During the Global Challenge, there are certain weekends where we have ‘mini-challenges’, that encourage us to beat our personal best, or reach some arbitrary number of steps as a group, etc.  Traditionally, I try to organise long walks for these challenges – we’ve walked from Black Rock to Saint Kilda, up along Merri Creek to Fawkner for doughnuts, from Parkville to Williamstown to go on a ghost tour, from Brunswick to the CBD to go on a chocolate walk, and all the way from the mouth of the Moonee Ponds river up to Pascoe Vale, where we got caught in a thunderstorm. 

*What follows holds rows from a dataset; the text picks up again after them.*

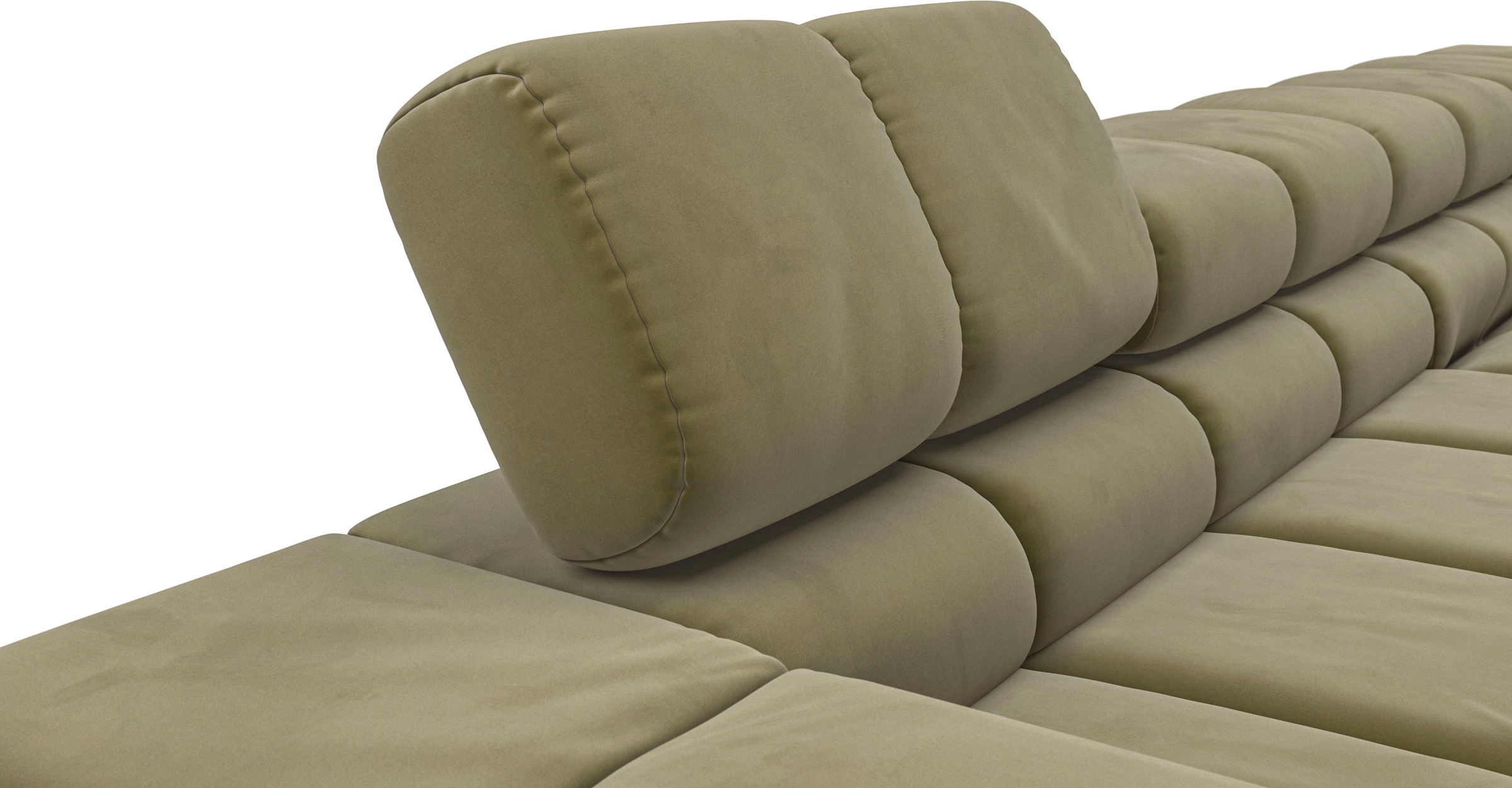 INOSIGN Ecksofa »Ancona New, wahlweise motorische Sitztiefenverstellung, auch in Cord«, feine Steppung, mit Kopfteilverstellung, 3 Zierkissen, L-Form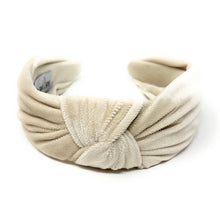 Load image into Gallery viewer, Fall Autumn Headband, Fall Knotted Headband, ivory Knot Headband, Fall Hair Accessories, ivory velvet Headband, Best Seller, headbands for women, best selling items, wide knotted headband, hairbands for women, Fall Winter gifts, Solid color knot Headband, Solid color hair accessories, wide knot headband, Velour knotted headband, Statement headband, Birthday gifts, ivory wide knot headband, Fall Autumn  accessories, ivory headband, ivory velour headband, Velvet knot headband, velvet knotted headband
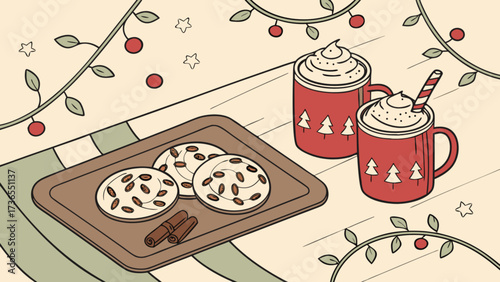 Cozy christmas scene with cookies, hot chocolate, and festive decorations creating a warm and inviting atmosphere for the holiday season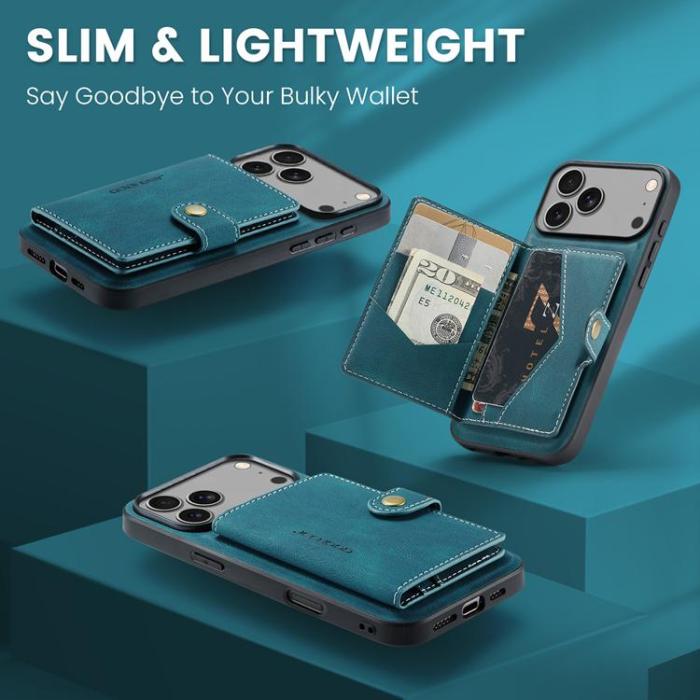 OEM - JEEHOOD iPhone 17 Pro Mobilskal KonstLäder + Plast Avtagbar - Blå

I was looking for some activities for us this year, and after getting a hard no on my belly-dancing plans, and establishing that several of our walkers couldn’t do really long walks this year for health reasons, I started looking around for more sensible options.  Which is when I spotted the ad for the Cancer Council Relay for Life… which just happened to fall on one of our challenge weekends.

This is a 24-hour relay to raise money for the Cancer Council, but it’s also about remembering people lost to cancer, and it has a fair bit of symbolism attached, in that nobody walks for 24 hours straight, but teams try to have someone on the track at all times.  If one person can’t continue, someone else will carry on for them.

I suggested this, only half-seriously to my lot. (Fine.  You don’t want belly-dancing.  How about a 24-hour relay, then?)  They were in.  And I mean, IN.  I was… appalled.  But also the team captain, so I got us signed up, and went recruiting for more team members.  My feeling was that we wanted two people rostered on at all times, in case someone needed a break, and ideally, I wanted the shifts to be offset so that someone was always fresh.  Fortunately, I was able to recruit 13 people, with two more joining us on the day, which meant that we each did two 2-hour shifts, and most people stayed on a bit before or after their shifts to help out.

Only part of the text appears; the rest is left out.